[[ Records to process, beginning ]]

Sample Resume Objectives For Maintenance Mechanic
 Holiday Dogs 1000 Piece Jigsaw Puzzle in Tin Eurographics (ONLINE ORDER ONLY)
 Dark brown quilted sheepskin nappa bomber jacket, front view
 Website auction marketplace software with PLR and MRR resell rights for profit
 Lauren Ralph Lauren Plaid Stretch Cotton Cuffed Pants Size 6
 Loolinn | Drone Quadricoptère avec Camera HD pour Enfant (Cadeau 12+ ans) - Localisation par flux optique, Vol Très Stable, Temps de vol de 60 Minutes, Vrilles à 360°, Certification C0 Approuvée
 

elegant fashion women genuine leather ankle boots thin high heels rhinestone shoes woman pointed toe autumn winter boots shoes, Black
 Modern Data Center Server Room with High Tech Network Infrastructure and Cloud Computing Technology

[[ Records to process, end ]]

What is needed ▸
Each line of the records should be repeated exactly as it stands.

Reply ▸
Sample Resume Objectives For Maintenance Mechanic
 Holiday Dogs 1000 Piece Jigsaw Puzzle in Tin Eurographics (ONLINE ORDER ONLY)
 Dark brown quilted sheepskin nappa bomber jacket, front view
 Website auction marketplace software with PLR and MRR resell rights for profit
 Lauren Ralph Lauren Plaid Stretch Cotton Cuffed Pants Size 6
 Loolinn | Drone Quadricoptère avec Camera HD pour Enfant (Cadeau 12+ ans) - Localisation par flux optique, Vol Très Stable, Temps de vol de 60 Minutes, Vrilles à 360°, Certification C0 Approuvée
 

elegant fashion women genuine leather ankle boots thin high heels rhinestone shoes woman pointed toe autumn winter boots shoes, Black
 Modern Data Center Server Room with High Tech Network Infrastructure and Cloud Computing Technology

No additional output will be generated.